The Lord Bishop of Worcester: My Lords, I begin by expressingmy profound sadness in the wake of the recent horrific terrorist attacks. A student from the University of Worcester was killed in Tunisia, which brought home to people locally that these problems are not “out there”. It demonstrated very clearly the connectivity, of which the noble Lord, Lord Ashdown, spoke so eloquently.
What should our response be to the unprecedented times described so well by the noble Lord? While recognising that we have faced more difficult times, as the First World War commemorations remind us, we need to hold on to the strategic objectives that have underpinned British foreign policy since 1945 but adapt them for these new circumstances. We need to recognise that, although we live in an unprecedentedly connected world, it remains fractured and broken, and we need to work ever harder in partnership with others for the global common good.
The House of Bishops’ pastoral letter, Who is my Neighbour?, which was issued before the election, places emphasis on our belonging to a community of communities at home and a family of nations internationally. I quote:
“Just as the myth of personal autonomy distorts human communities, so the illusion that a nation can flourish without strong international alliances distorts the bigger picture of our shared humanity”.
The Government have rightly emphasised the economy. As Duncan Sandys noted when a Minister of Defence in the 1950s, the degree to which a country can have an active foreign policy is linked to the health of its economy. That said, we need to remember that the UK has the sixth-largest economy in the world, the world’s fifth-highest defence budget, one of its two main financial centres and the second-largest contribution to international financial assistance, which is pretty impressive for a country with 1% of the world’s population, even as power shifts east.
In view of that, we cannot shirk our responsibility to be a force for good in the world. The type of challenges highlighted by this debate can be managed only in partnership with others—working to win hearts and minds, as well as being involved in any defence initiatives. With this in mind, the Government have made some sensible choices, such as reinvesting in international development to help build stability and growth in vulnerable regions of the world, and leading the international campaign to combat sexual violence in conflict, to cite two examples.

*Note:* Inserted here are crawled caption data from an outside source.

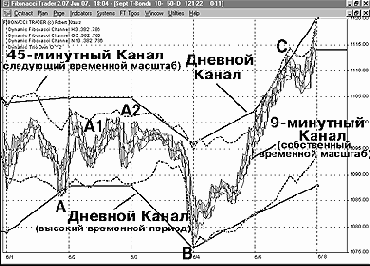 P 500 ������ ���������� ��� 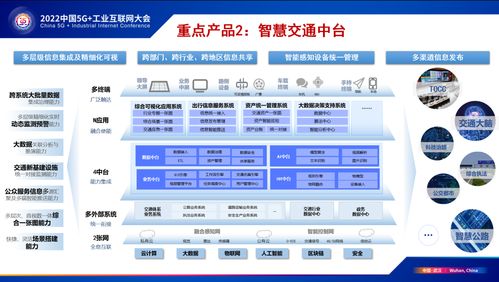 交四海智慧 通天下坦途——中國(guó)聯(lián)通智慧交通軍團(tuán)產(chǎn)品體系正式發(fā)布，賦能信息系統(tǒng)集成服務(wù)新篇章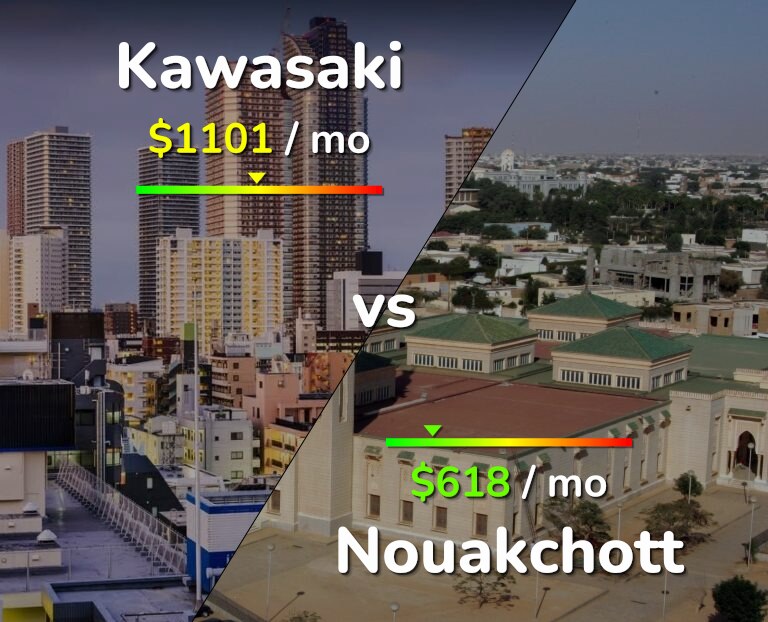 Cost of living in Kawasaki vs Nouakchott infographic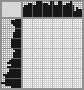 Japanese crossword «Bird» Japanese crossword «Bird»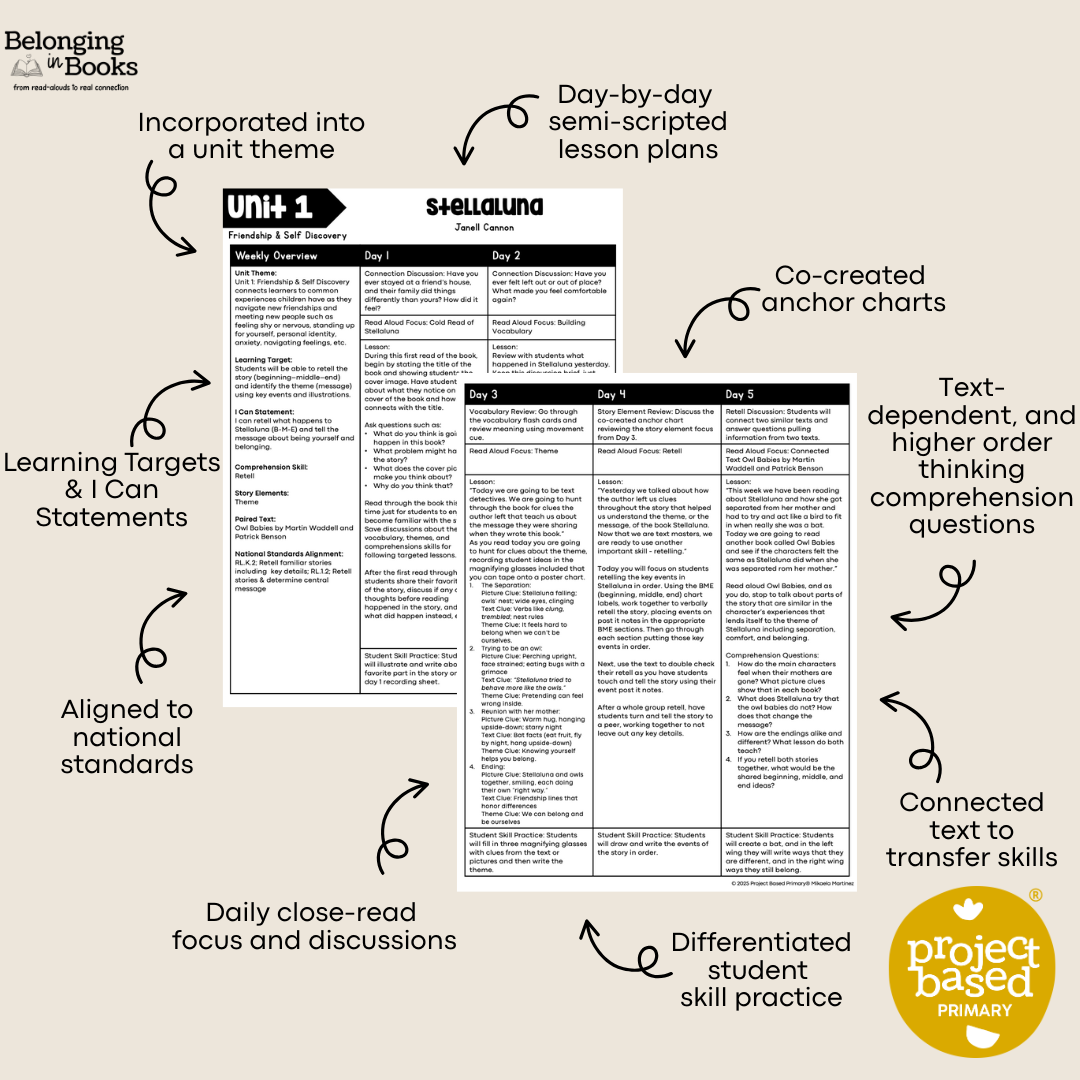 Stellaluna Belonging in Books™ Reading Comprehension Week-Long Unit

In this new age, however, perhaps one of the greatest threats we face is not external but domestic: the continuing questions that hang over the union at home our place in Europe. I am a fervent supporter of both the union and our engagement with Europe. Like the House of Bishops’ letter, to which I have already referred, I would not argue for the structures and institutions of the European Union as they stand now exactly, but I would argue, in the words of the letter, for,
“continuing to build structures of trust and cooperation between the nations of Europe. Ignoring or denying the extent to which European people share culture and heritage suggests that questions of identity and belonging have no currency except as political bargaining chips”.
Finally, the most pressing question of our age is climate change. In the newly launched Lambeth declaration, representatives of the major faiths, including the most reverend Primate the Archbishop of Canterbury, reminded us that climate change has already hit the poorest of the world very hard and that urgent action is needed to protect future generations. I hope that the Government will use the partnership to which I referred in the forthcoming international climate change talks in Paris this December. Climate change has the capacity to affect for ill the world and our place in it more than any other single factor. As the noble Lord, Lord Ashdown, observed, quoting that wonderful 17th century priest and poet, John Donne, the imperative to which he referred is now not only a moral one, but a practical one.